Noch bevor wir erfahren, dass John auf dem Weg nach New York ist, um dort
seine Ehe mit der weltberühmten Eiskunstläuferin Elena (Claire Danes) zu
beenden, ist die Geschichte beider mit Tod und einem mysteriösen Leiden
der Welt verbunden. Allerorten brechen in diesen Tagen Menschen leblos
zusammen, irgendetwas „bricht ihr Herz“. Über eine Leiche am Fuße einer
Rolltreppe hinwegzusteigen ist Johns erste Prüfung nach seiner Ankunft.
So, wie der Kommentar den Auftakt erklärt, wird auch jedes weitere Bild
in It’s All About Love flächendeckend und sinnstiftend betreut.
Klimakatastrophen werden sich mehren, Schnee fällt im Juli.

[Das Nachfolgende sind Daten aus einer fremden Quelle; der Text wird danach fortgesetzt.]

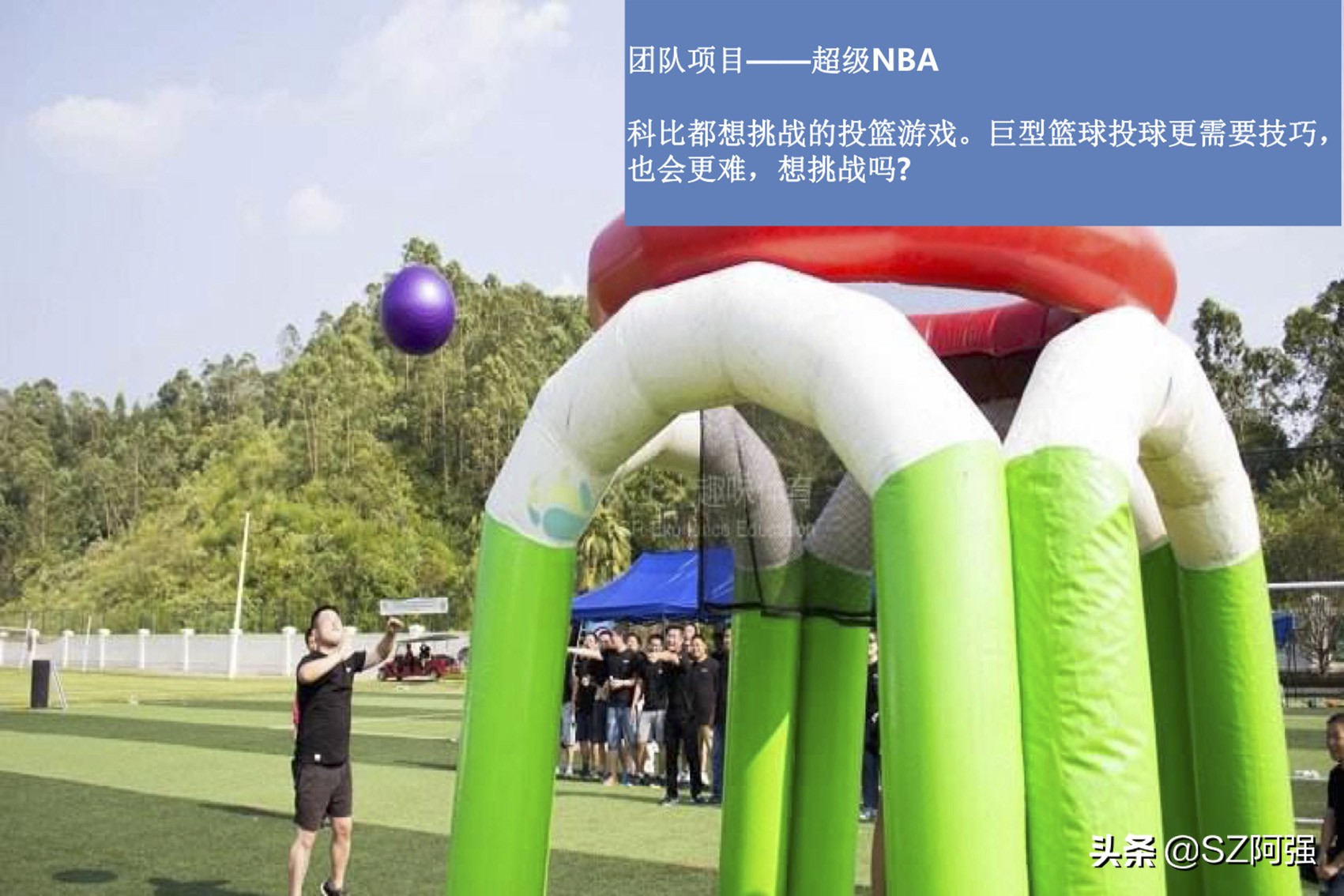 趣味运动会单人比赛项目大全,小学生趣味运动会项目大全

Die Welt
erfriert, Herzen bleiben stehen, und das Paar kämpft um seine Liebe,
während Johns Bruder Marciello (Sean Penn) in seinem „Bericht über den
Zustand der Welt“ die visuelle Fracht noch akustisch beschwert: „Die
Leute sterben auf der Straße, weil sie sich vermissen – die Bedrohung der
Welt, du und Elena, das ist alles miteinander verbunden.“ Im Hintergrund,
sicher ist sicher, singt ein Chor „Amore, amore“.
Gerade weil hier tatsächlich alles miteinander verzahnt ist und jedes
Einzelteil über sich hinaus verweist, kämpft It’s All About Love mit
seiner eigenen Fülle. Keine Farbkomposition im schwerblütigen Dekor des
Peter-Greenaway-Produktionsdesigners Ben van Os, die nicht sofort alle
Aufmerksamkeit für sich will. „Perfekt!“, schreit jede Einstellung der in
Schönheit erstarrten Kamera. Inmitten dieser sich gegenseitig
bedrängenden Zeichen, die sich in Cinemascope auch noch auf die Themen
„Familie“ und „Genmanipulation“ ausweiten, bleibt kein Platz, noch selbst irgendetwas zu entdecken.
Geschlossene Gesellschaft – wir müssen draußen bleiben.
Damit beschreibt It’s All About Love das genaue Gegenteil jener
großartigen Sogwirkung, die vom Fest ausgegangen war. Die unterdrückte
Wahrheit, mit der wir dort in Sippenhaft genommen wurden, entäußert sich
hier zugunsten eines immer schon selbsterklärenden Symbolismus. So
radikal werden wir von Teilnehmern zu Außenstehenden, dass It’s All About
Love darüber nicht nur seine Bilder und Töne, sondern sich selbst als
Referenten einer höheren (Autoren-)Idee anbietet. Kann dieser
größtmögliche Gegensatz zum Fest denn etwas anderes sein als der
Befreiungsschlag des Thomas Vinterberg von den Fesseln des Dogma-95?!
Wie auch immer man zu dieser Frage stehen mag: Die Macht, mit der sie
sich aufdrängt, fordert Opfer und verdammt die Charaktere dieses Films
auch noch nach ihrem letzten Bild zu Bauern im Bedeutungsschach. Nicht
einmal ihr melodramatischer Filmtod darf ihnen am Ende selbst gehören.